Property Type Default Description
Source string? null Source index name. Either this or SourceContext required (unless Body is set).
Destination string? null Destination index name. Either this or DestinationContext required (unless Body is set).
SourceContext ElasticsearchTypeContext? null Auto-resolves source from WriteAlias.
DestinationContext ElasticsearchTypeContext? null Auto-resolves destination from WriteAlias.
Query string? null JSON query body to filter source documents.
Pipeline string? null Ingest pipeline name.
RequestsPerSecond float? null Throttle. Use -1 for unlimited.
Slices string? null "auto" or a number string. Not supported for remote reindex.
SourceSize int? null Docs per batch from source (default 1000). Lower for remote with large docs.
MaxDocs long? null Maximum total documents to reindex.
Conflicts string? null "abort" (default) or "proceed" to continue on version conflicts.
Script string? null Painless script JSON object to modify documents during reindex.
ExcludeInferenceFields bool false Strip _inference_fields from _source (workaround for #150634).
PollInterval TimeSpan 5s How often to poll the task status.
Remote RemoteSource? null Remote cluster configuration for cross-cluster reindex.
Body string? null Full override body JSON.
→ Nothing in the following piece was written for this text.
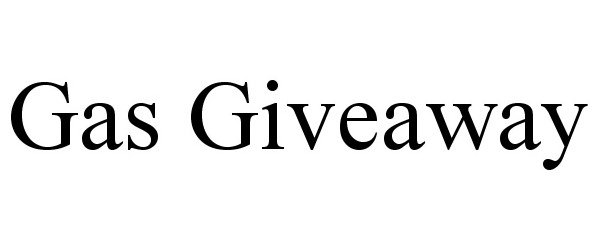 Trademark Logo GAS GIVEAWAY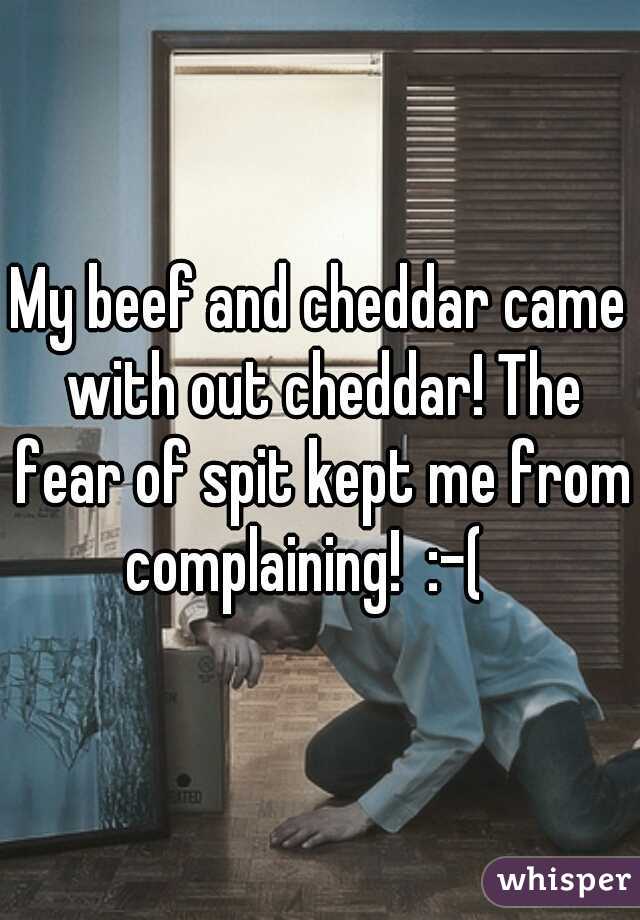 My beef and cheddar came with out cheddar! The fear of spit kept me from complaining!  :-(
Each yielded progress snapshot exposes:

Property Type Description
TaskId string The Elasticsearch task ID. Stable across relocations when using the reindex management API.
IsCompleted bool Whether the task has finished.
Cancelled bool Whether the task has been cancelled.
Total long Total documents to process.
Created long Documents created.
Updated long Documents updated.
Deleted long Documents deleted.
Noops long Documents that were no-ops.
VersionConflicts long Version conflicts encountered.
Elapsed TimeSpan Time elapsed since the task started.
FractionComplete double? 0.0 to 1.0, or null if total is unknown.
Description string? Sanitized operation description (source/dest, remote host). Only from reindex management API.
StartTime DateTimeOffset? When the task started. Only from reindex management API.
Error string? Error description if the task failed.

ReindexOperations exposes the reindex-specific management endpoints introduced in Elasticsearch 9.5.0. These are relocation-aware and work in Serverless (where /_tasks is unavailable).

var ops = new ReindexOperations(transport);
		
var response = await ops.ListAsync(detailed: true);
		

Falls back to /_tasks/{taskId} on older clusters.

var progress = await ops.GetStatusAsync("r1A2WoRbTwKZ516z6NEs5A:36619");
Console.WriteLine($"{progress.FractionComplete:P0} complete");
		

Falls back to /_tasks/{taskId}/_cancel on older clusters.

var finalState = await ops.CancelAsync("r1A2WoRbTwKZ516z6NEs5A:36619");
Console.WriteLine($"Cancelled: {finalState?.Cancelled}");
		
await ops.RethrottleAsync("r1A2WoRbTwKZ516z6NEs5A:36619", requestsPerSecond: 500);